Google is a Form of Male Hegomony

An e-mail doing the rounds tells that when you put this text into Google Translate -

I drive a car
I don't know how to drive
I wash the car
I wash the floor
I wash the kitchen

and ask it to translate into Hebrew, you get this response -
אני נוהג במכונית
אני לא יודעת איך לנהוג
אני שוטף את האוטו
אני שוטפת את הרצפה
אני שוטפת את המטבח

The problem, for those of you who are Hebraically challenged, is that the driver of the car and whoever washes it are male, while the non-driver, the floor-washer and the kitchen cleaner are all female.


You could say that Google are male chauvinist pigs (along with being male chauvinist capitalist hegemons, I expect), but the thing about Google Translate is that it's supposed to be automatic. There's no little man behind the screen dashing off translations.

The explanation, I expect, is as follows. Google Translate has been built as a product of the massive book-scanning project the company is engaged in, which has allowed them to create awesomely powerful text-comparison algorithms based on very large numbers of translated works. This little experiment seems to indicate that in those books the declinations of male vs female activities - in books of all languages, mind you - indeed have a gender-weighted statistical pattern.
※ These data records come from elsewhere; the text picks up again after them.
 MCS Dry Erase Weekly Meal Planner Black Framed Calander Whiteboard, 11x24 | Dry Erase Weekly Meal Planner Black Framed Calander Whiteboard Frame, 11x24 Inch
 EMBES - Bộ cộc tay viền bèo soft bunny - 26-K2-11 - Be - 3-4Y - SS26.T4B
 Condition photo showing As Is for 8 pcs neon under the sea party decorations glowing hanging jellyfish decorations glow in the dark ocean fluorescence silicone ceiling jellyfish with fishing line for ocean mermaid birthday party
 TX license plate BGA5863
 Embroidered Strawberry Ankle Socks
It may really be a fact that more men wash cars, and more women wash floors.


Samsung said...

I have noticed that inconsistency before and never liked how it handled genders but never thought how Translate actually gets its translations. Your explanation which is also on the About page makes sense. It has a "suggest a better translation" feature you can use if you mouseover a translated piece of text, so maybe if that gets used often enough you would see the default gender on all words get changed to masculine.

RK said...

How would it detect a pattern across all languages when most languages don't mark gender in sentences like those? You might be able to figure it out from the immediate context ("I don't know how to drive," Abigail complained.) but that's often hard for humans, much less algorithms.

In fact, the explanation seems to be more complicated than the one you gave. If you type "I don't know how to drive" without a period, you get "ani lo yoda'at eikh linhog," but adding the period changes the "yoda'at" to "yodea."
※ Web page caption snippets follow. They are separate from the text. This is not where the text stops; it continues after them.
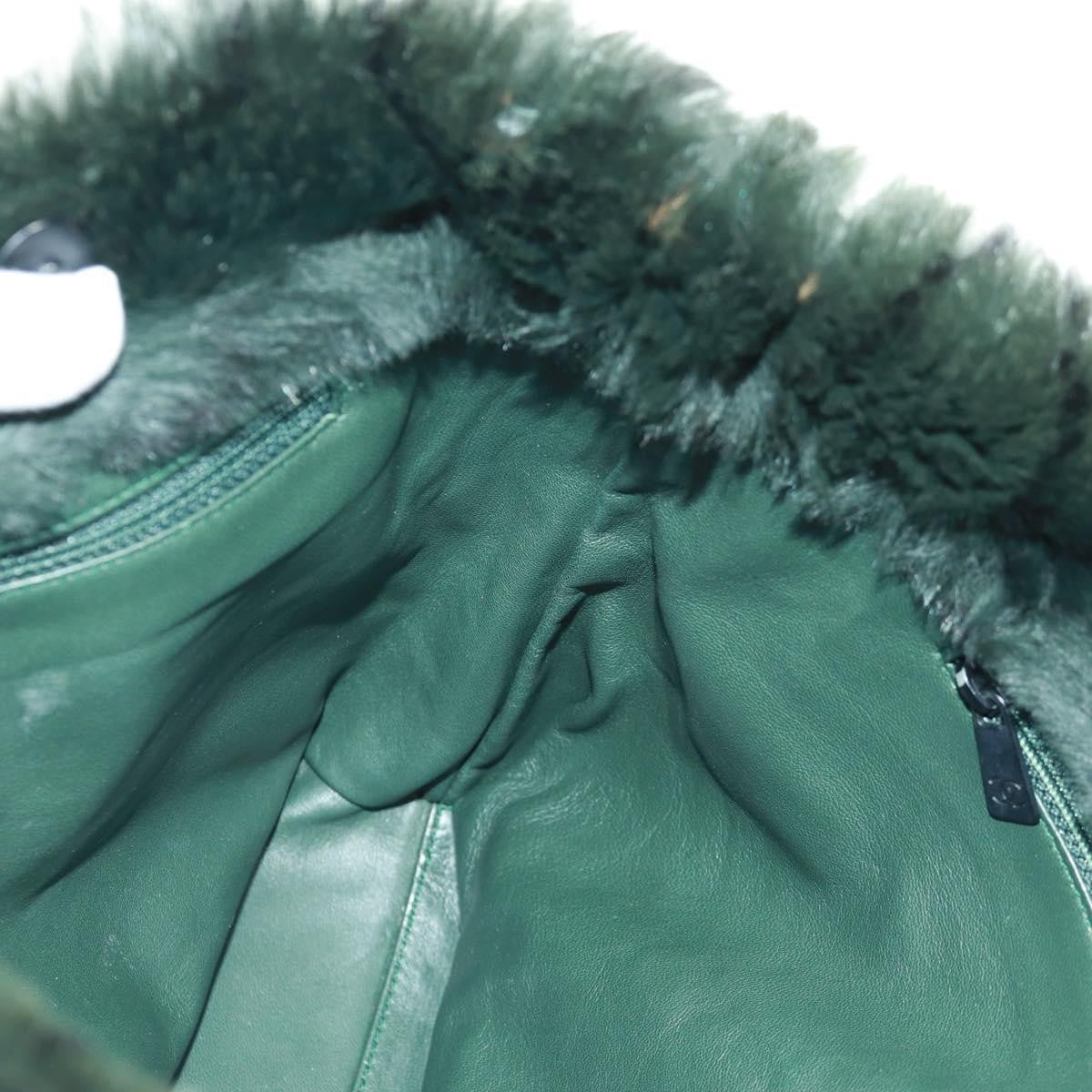 Chanel Chain Tote Lapin Fur, GREEN, FUR, Tote bag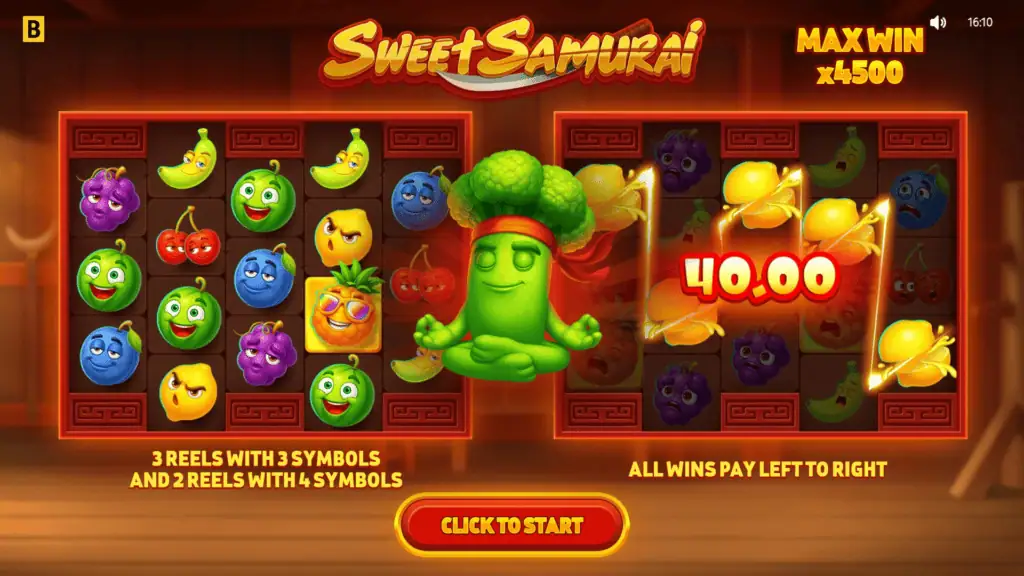Bgaming sweet samurai intro screen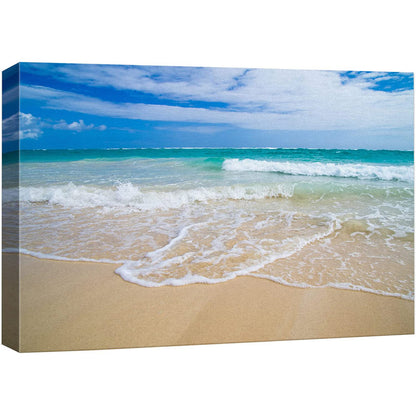 Serene Coastal Beach Oil Painting of Waves and Clear Blue Summer Sky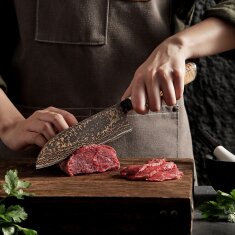 Zayiko BlackMagma - Santoku 16,5 cm - Damastmesser in schwarz mit Bronze- und Kupferelementen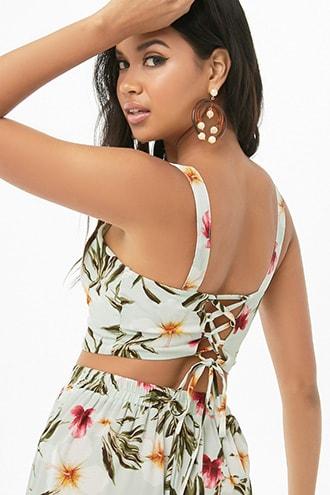 Forever21 Lace-up Floral Print Crop Top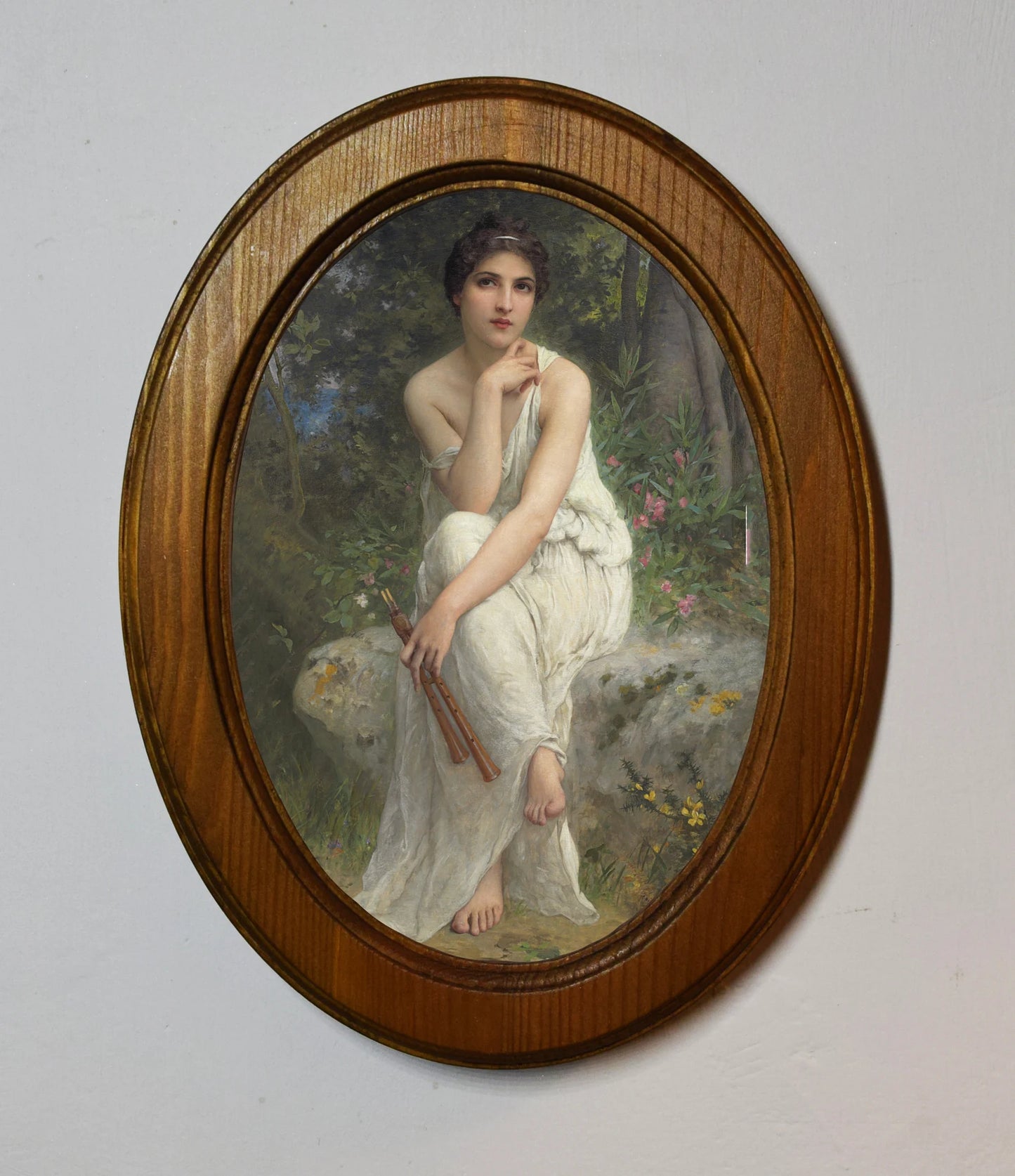 The Flute Player Charles Amable Lenoir Light Oak Oval Wooden Framed Classic Art Print 3"x4", 3.5"x5", 4"x6"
Even more strangely, adding a period after "I wash the car" changes "shotef" to "rochetz" and "haoto" to "hamekhonit." Adding a period to "I wash the floor" changes "shotefet" to "lishtof." Bizarre.

Yaacov said...

RK - the genius of what they're doing is that the algorithm works on real, high-quality translations done by experts who have translated books. Thus, when someone translates books by Israelis into English or Japanese, the algorithm sees patterns; when someone translates books from Japanese or English into Hebrew, likewise. So figuring out the gender was done by professional translators, not the algorithm; the algorithm crunches numbers, and sees how often "washing the floor" - in any original language - was "Shotefet" in Hebrew (or started as "shotefet", then became "washing the floor" in English or Japanese).

RK said...

Ah, of course, that was stupid of me. Though I still don't understand why adding the period should make such a big difference.

Anonymous said...

and here based on my recent experience that Google translate bettered a callous e-mail by the German Foreign Office by rendering Transgression as Attack (the four or rather five murdered recently) I would assume, that, human nature being what it is, that newspapers will have translations done by Google and have a human eye and keyboard rove over it.

Would the word by Google chosen in the above example i.e. "attack" have roused any suspicion with me that Google might have embellished/PC-ed it, made it acceptable to polite society?

Given the pressure I'd probably have to work under, given the general belief, that the computer knows best, given that I'd probably know only the language well it was translated into, I very much doubt it.

BTW even without Google translate the translations done by our best radio station tended to shift quite often the original speaker (which I may here for a bit in the background) to what the interviewer wants it to be. (recent example to call the attack by the Marmara thugs an attack was too much, so it was "taught" to the public as a provocation with made it easy to imply that the Israelis "overreacted".)